Brush each side with a little cornflour and water, and fold into a triangle. You can trim the edges with a scone cutter to make them round, or twist them into regular wonton shapes – the choice is yours.

The wontons can now be frozen or cooked immediately.

If freezing, put them in a single layer on a tray until frozen.  When hard, put them into a freezer bag.  This way you can pull as many or as few as you like from the freezer.

If cooking, line a steamer with non-stick baking paper and space the wontons evenly (without touching).  Place over simmering water for 10-15 minutes.

Alternatively, you can use them in a stock - flavour any basic stock with loads of extra ginger, garlic and coriander.  Simmer for about 20 minutes, then strain.  Add wontons to the simmering stock and cook for 4-6 minutes.

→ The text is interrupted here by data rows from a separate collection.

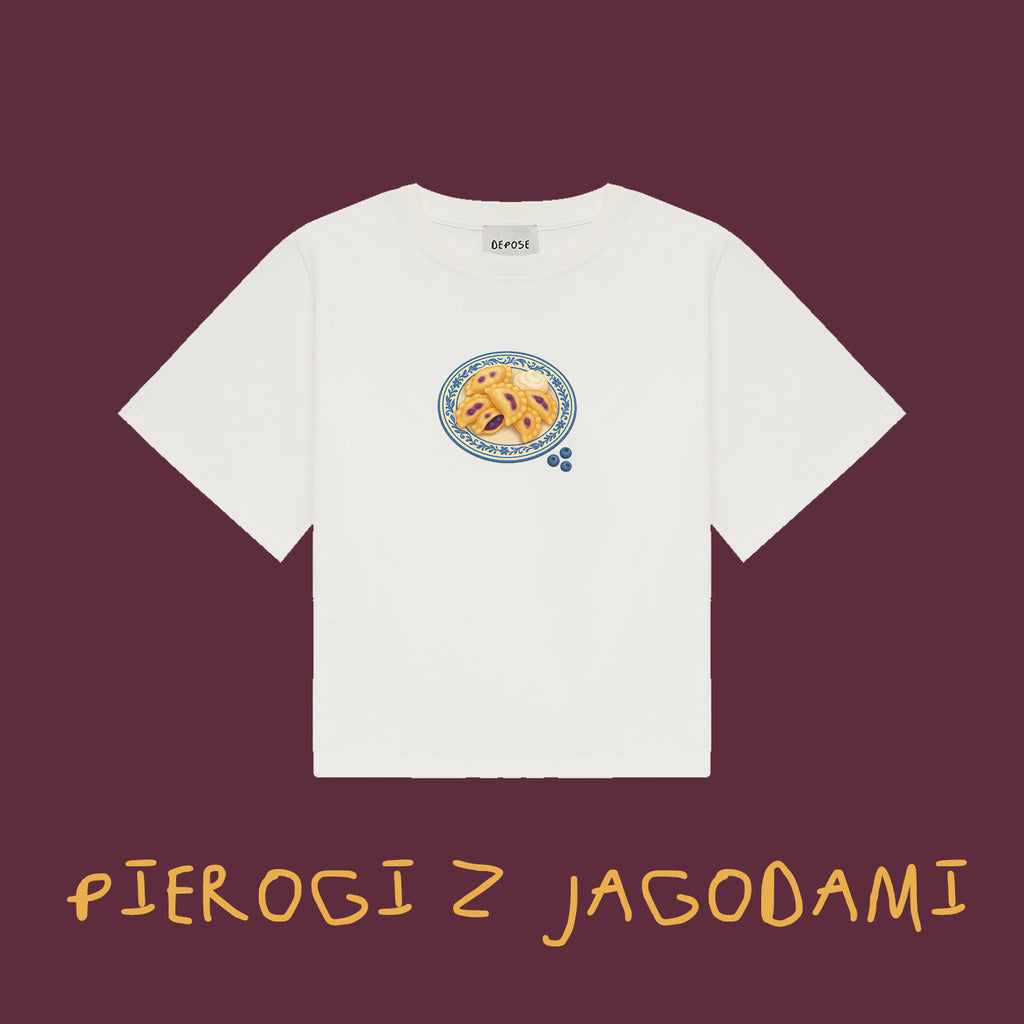 Koszulka PIEROGI Z JAGODAMI
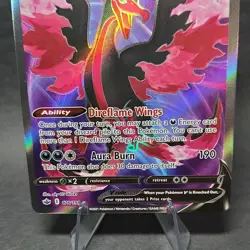 Pokemon TCG Chilling Reign Galarian Moltres V 176/198 Ultra Rare Full Art Holo - Image 3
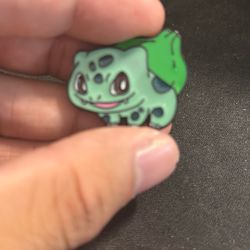 Pokemon bulbasaur Pin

Garnish with coriander, sliced chilli, spring onions and bean shoots.  Add noodles as well for a more substantial meal.

Notes
You could use chicken mince instead of pork, or a mixture of pork, chicken and prawn.  I like to add the water chestnuts as it bulks up the mix, adds flavour and great texture.  You could add more mushrooms to make the mixture  go even further.  I think if you are making them it's just as easy to make lots extra and freeze them.

I like the dumplings steamed, with some rice and bok choy and a drizzle of soy and chilli oil.  It takes as much time as it takes to cook the rice if they are in the freezer and it's a substantial and easy meal.